By Charlotte Campbell, Fourth Year French and Spanish
In recent years, we as a global community have become increasingly aware of plastic pollution and the devastating implications it has on our ecosystems, marine life and by extent our own health and wellbeing.
In 2017, wildlife photographer Justin Hofman captured the distressing image of a seahorse with its tail wrapped tightly around a cotton bud whilst floating in polluted Indonesian waters. It both captivated and appalled the world; an image illustrative of the real-life consequences of our global failure to deal with the ever-pressing issue of plastic waste.
Images of a similar ilk are now commonplace within our news channels and social media sites; photographs of sea turtles with plastic packaging ensnared in their nostrils and beached whales with stomachs full of plastic bags are merely a few visual exemplars of the plastic crisis.

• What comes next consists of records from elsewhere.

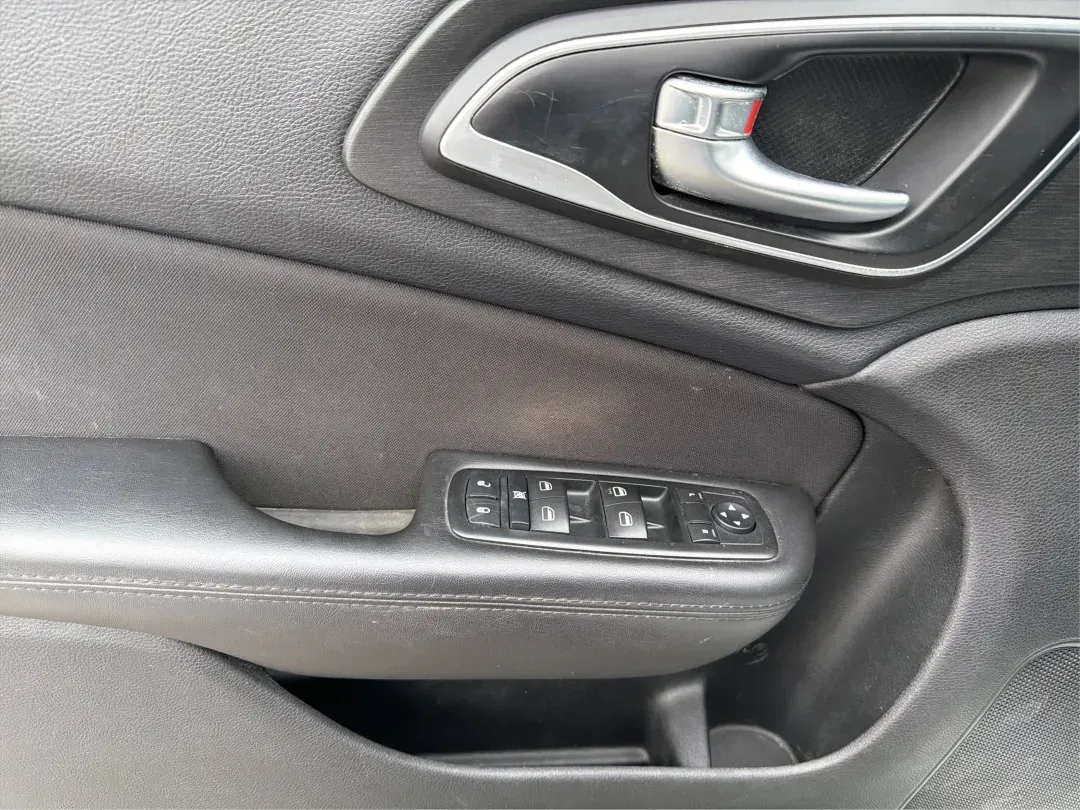 2015 Chrysler 200 Limited (1C3CCCAB2FN) with an 3.6L V-6 DOHC engine, located at 1184 Kauffman Ave, Fairborn, OH, 45324, (937) 908-9800, 39.807072, -84.030914 - 2015 Chrysler 200 Limited - Photo#18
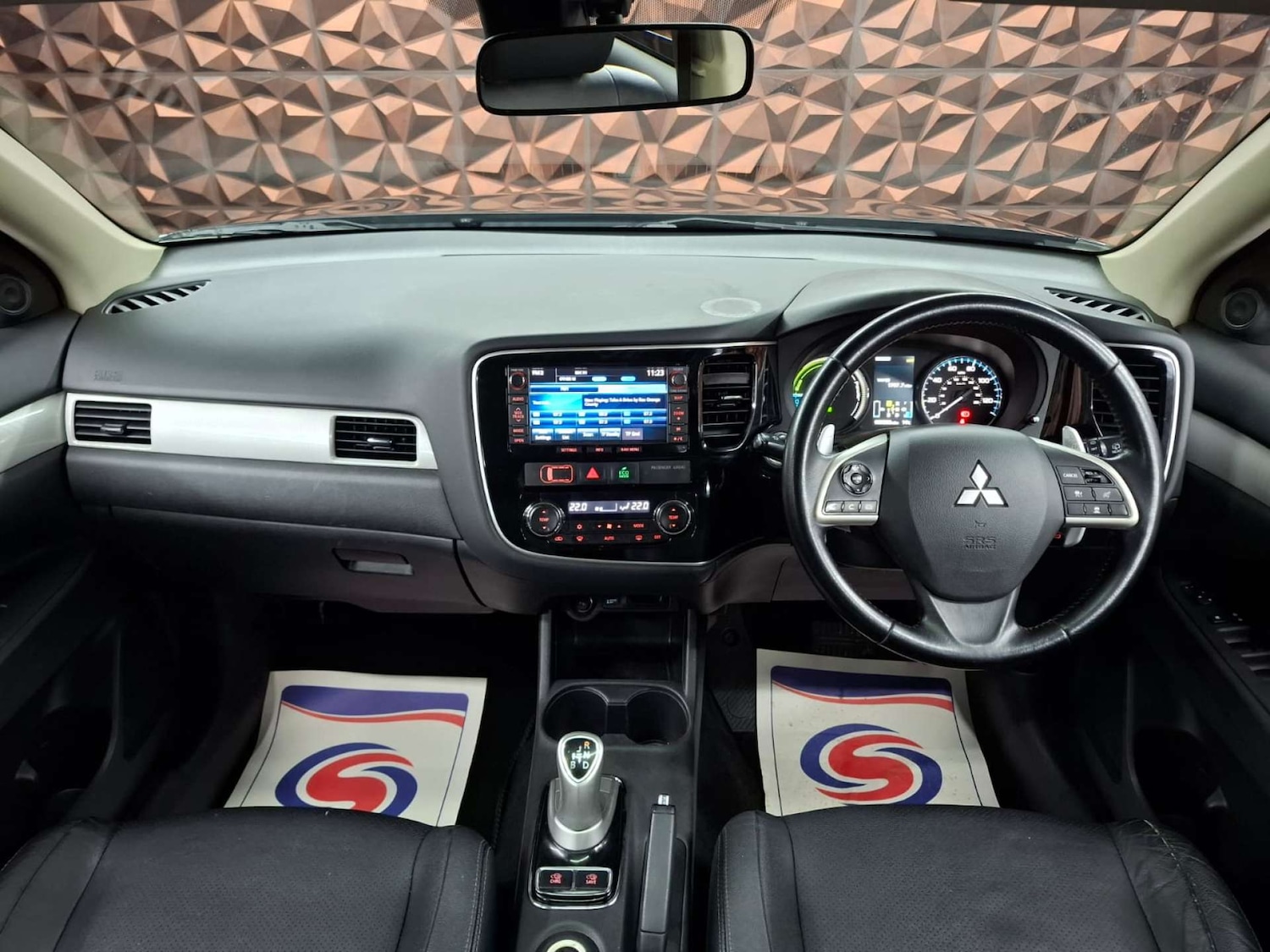 Used Mitsubishi Outlander 2015 for sale - 76921411: Photo 19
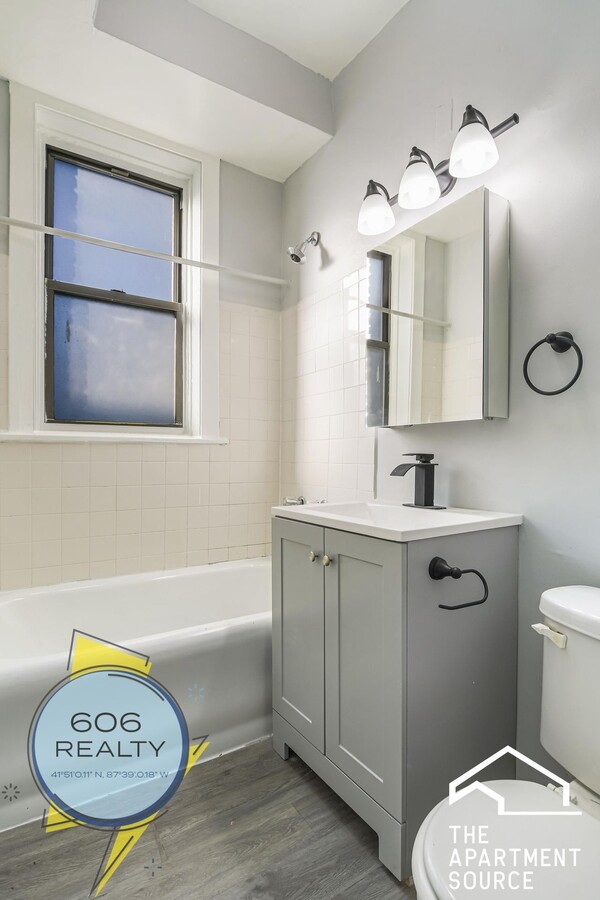 Photo - 1025 E Hyde Park Blvd Unit 2s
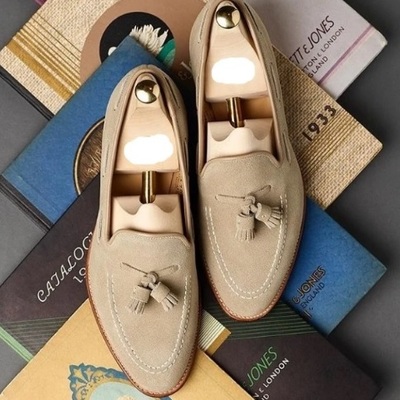 Handmade new beige tassel loafer slip on apron toe rounded suede leather reliable fashionable formal shoes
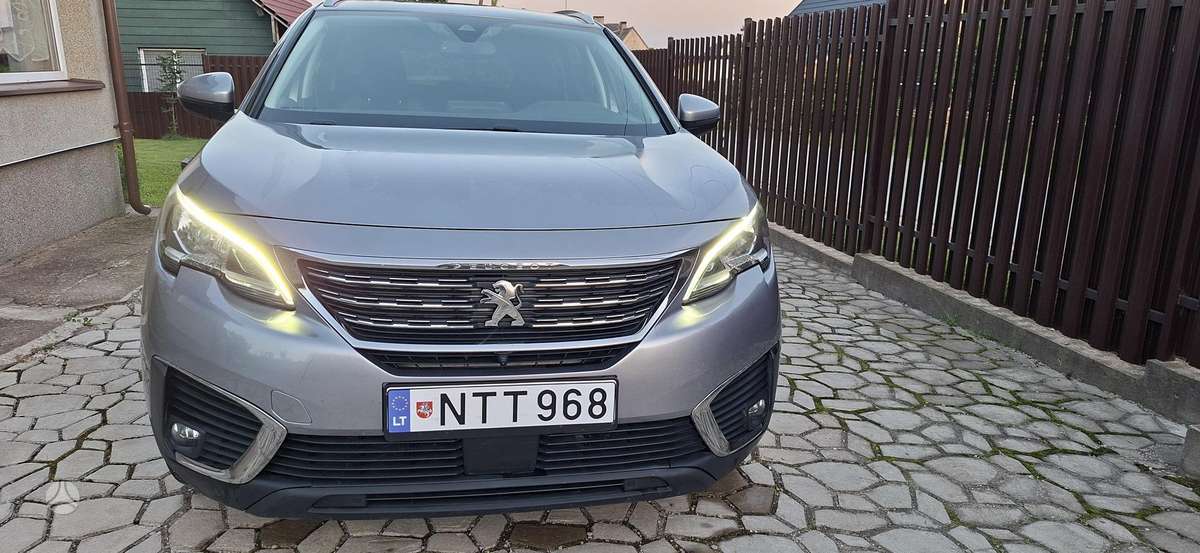 Peugeot 5008 - 1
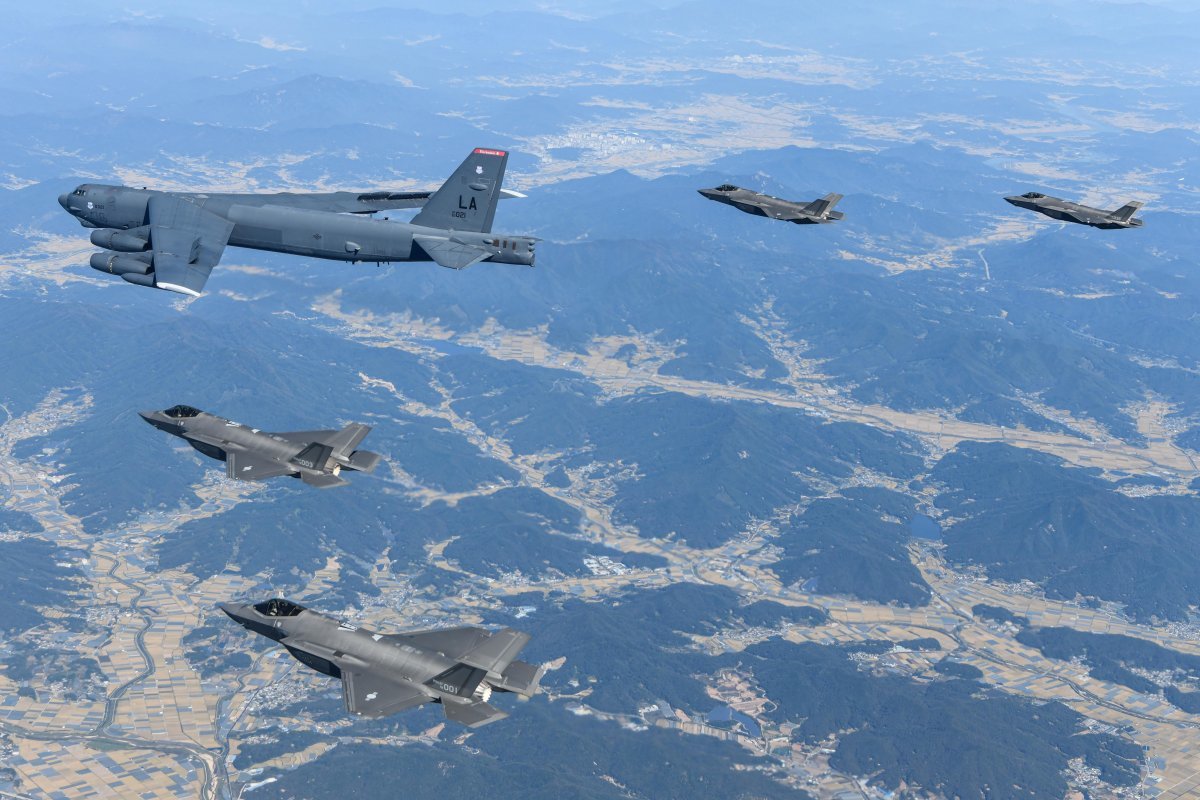 17일 한반도에 전개한 미국 공군의 B-52H 전략폭격기와 한국 공군의 F-35A 전투기들이 한반도 상공에서 한미 연합공중훈련을 실시하고 있다. 이번 훈련은 한미 공군의 우수한 연합작전 수행 능력과 대한민국 방위에 대한 미국의 확장억제 의지를 다시 한번 보여줬다. 한편 B-52H는 ‘서울 ADEX 2023’ 개막식 축하 비행 때에도 모습을 드러내 국민에게 그 위용을 선보였다. 공군 제공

As pertinent and heart-breaking as these images are, they arguably make it slightly easy for us as UK citizens to dismiss the plastic crisis as a manmade catastrophe occurring within some distant, exotic location, when in reality it is happening literally on our doorstep.
Bristol Harbour (Epigram / Avital Carno)
Nowadays, plastic pollution can be found practically everywhere, irrespective of location. It is present in both rural and urban spheres and even previously uncontaminated environments void of human activity. Bristol, despite its reputation as a ‘green city’ has not managed to evade plastic pollution and unfortunately, we as citizens are amongst the primary culprits.
Irresponsible behaviour ranging from failing to dispose of refuse correctly, flushing indecomposable items down the toilet, and excessive consumption of single-use plastics, all contribute to the pollution of Bristol’s diverse and beautiful landscapes. Each piece of plastic that has ever been created still exists in one form or another today, which puts emphasis on both the overwhelming scale of the plastic crisis and its cyclical, never-ending nature.
Given plastic has been in production for around sixty years, it is truly terrifying to consider how deeply-embedded plastic has become, figuratively within our daily lives and literally within our surrounding environments. A huge proportion of Bristol’s plastic ends up contaminating the very natural landscapes and waterways on which the city prides itself, namely Bristol Harbourside and the River Avon.
There are, however, local activists and initiatives fighting against the plastic crisis and doing what they can to preserve and protect Bristol’s natural environments.
Clean Up Bristol Harbour is a community initiative which welcomes members of the public to collectively clear rubbish from the city’s Harbourside. Taking place each month, the event works in conjunction with the Harbour Office to ensure the harbour is clear of discarded rubbish and waste, reducing the levels of pollution around the waterway and limiting as much as possible the dispersal of pollutants such as plastic into the River Avon and beyond.
Collected rubbish ranges from cigarette butts, discarded receipts, plastic bottles, glass bottles and more. On average the event, which will next take place on Sunday the 20th of December, attracts between twenty and thirty participants who scour the Harbourside by boat, on foot and even sometimes on kayak, collecting bags of rubbish to either go to landfill or where possible to be recycled.
The event is informative - for example, many items like single-use cardboard coffee cups and black plastic cannot be recycled - and ultimately rewarding, knowing you have contributed, even in a small way, to preventing plastic from polluting the environment you call home.